You should never use these words in an argument
I don't know how it goes at your home, but under my roof it can sometimes really crackle. We are truly happy, you know, but come on... Sometimes you just want to strangle someone.
When he says he will be home at half past eight from a drink to watch Expeditie Robinson together and then it turns out to be half past two. I'm just saying, right? Moments when you consider locking the door and sending him off to a hotel and flushing his tickets for Ajax down the toilet. Men... #!%*!%(!.
Still, arguing isn't such a disaster after all. It's actually quite good for your relationship. Sometimes shouting a bit and releasing some frustration is relieving. You can't always be sweet and gentle. Sometimes you hate each other. And he hates a lot about you too. Wonderful. And then it's all good and cozy again, that's how things go in long relationships. But what you should learn, good relationship or not: be careful not to say this during a big fight. Then it works counterproductively and things go wrong. And then around Christmas, you suddenly find yourself alone.
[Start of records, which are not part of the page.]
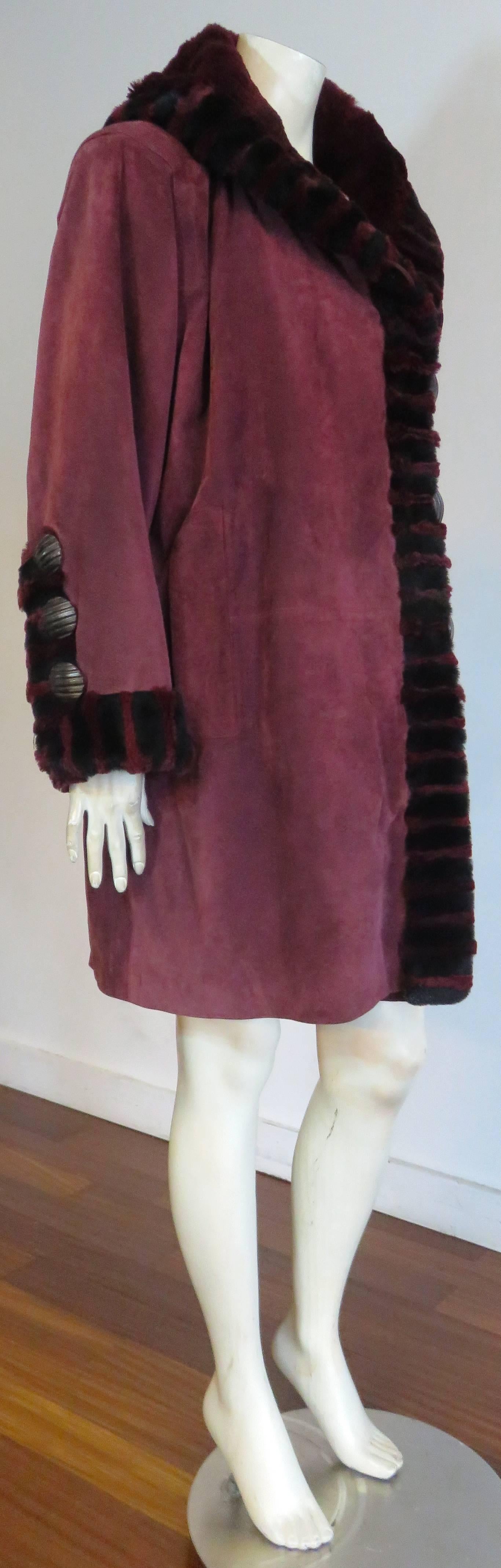Women's 1980's YVES SAINT LAURENT FURS Suede skin & fur coat For Sale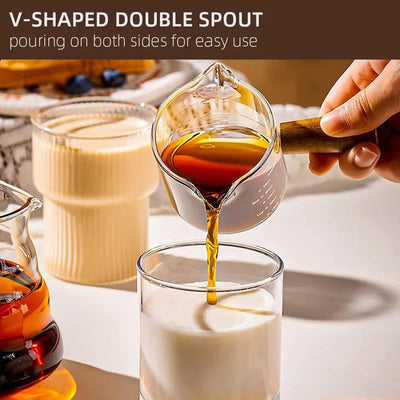 75ml Heat-resisting Glass Espresso Measuring Cup Double/Single Mouth Glass Milk Jug With Handle Glass Scale Measure Mugs - Slobuy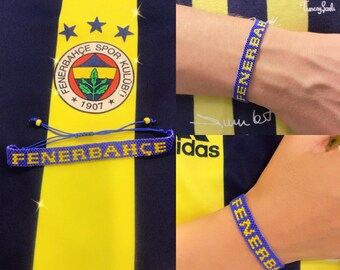 フェネルバフチェブレスレット、フェネルバフチェ、サッカー、ハンドメイド、サッカーファン、男性用ブレスレット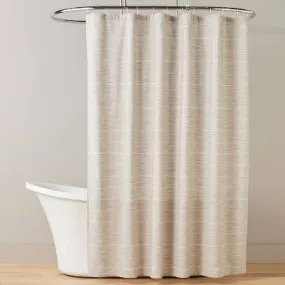 New - Stitched Grid Lines Woven Shower Curtain Light Brown/Cream - Hearth & Hand with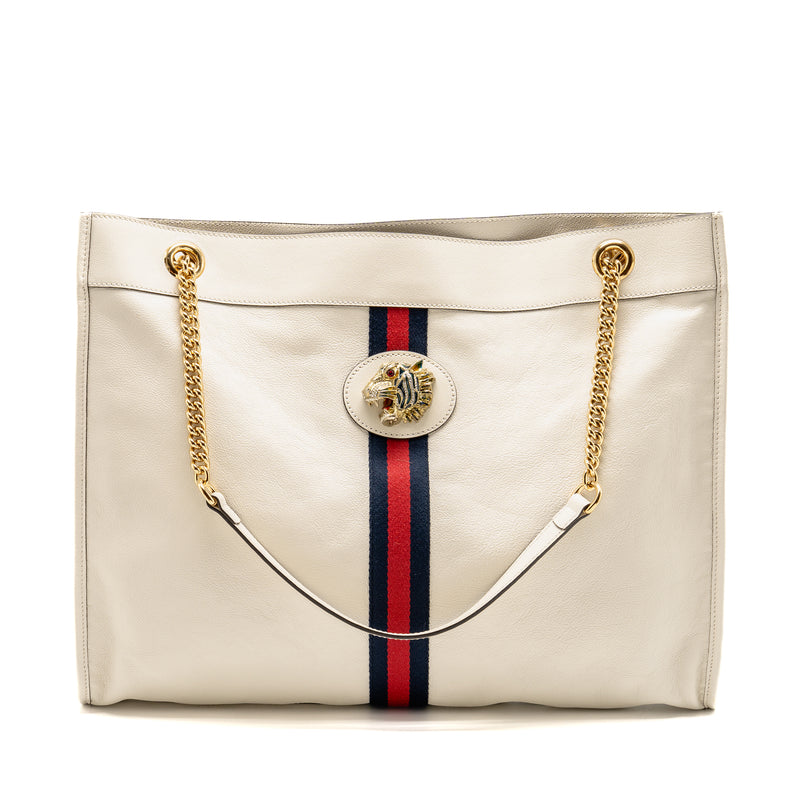 Gucci Rajah large chain tote bag leather white GHW
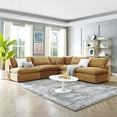 thumbnail image 1 of Modway Commix 5-Piece Down Filled Overstuffed Performance Velvet Sectional Sofa in Cognac, 1 of 5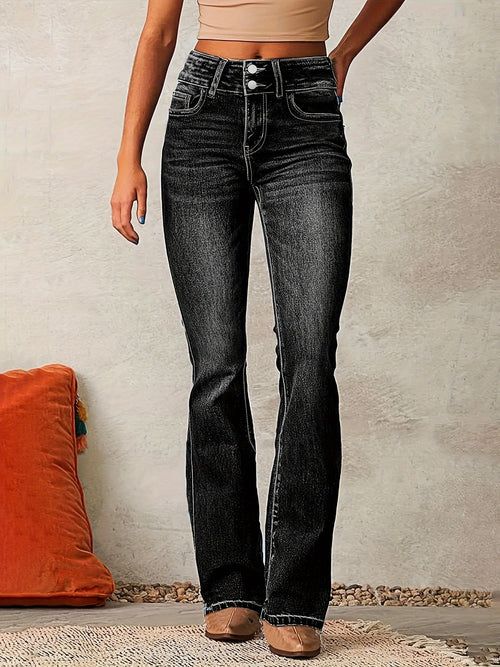 Andiara - Jeans Acampanados De Cintura Alta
These things are better swallowed during a big fight:
‘Calm down…’ No one on earth becomes calm from that. Steam coming out of his ears, that idea.
‘You just have to…’ It's pointless, because that only points a finger at his actions and what he should do differently. Speak from your feelings.
‘You are such a…’ Selfish? Jerk? Bag and fool of the highest order? Don't do that. You don't really mean it. Discuss the situation, not who he is. Rather say: ‘This awful evening makes me feel bad and sad.’
Don't scream at 80 decibels. They can't handle that.
‘You never understand me!’ Accusations unfortunately don't do the trick. You won't solve anything that way. He often understands you just fine, even if you think he doesn't right now.
‘You always think of yourself!’ Okay, there might be a kernel of truth in it, but don't use it. If necessary, just keep it to yourself.
‘You never listen to what I want.’ Leave out the ‘never’ and phrase it more as a question: ‘Why don't you listen to what I feel and what I'm sad about right now?’
‘Yesterday you said…’ That has nothing to do with the bickering of the moment.
Everything with ‘hate’. You really don't hate him. In an hour, everything will be fine again and sweetness will return.
Especially remember during an argument that it's a release for both of you, but you shouldn't bring up everything from ten years ago. Something about old cows. Don't forget that after the argument, you still want to have a somewhat normal evening on the couch with him. Don't make it too extreme. Shout, rant, and complain, and then it's enough. You don't need to dig that poor man into the ground until deep into the night. You won't become happier from that.
Well, come on. Now you know how. Go argue!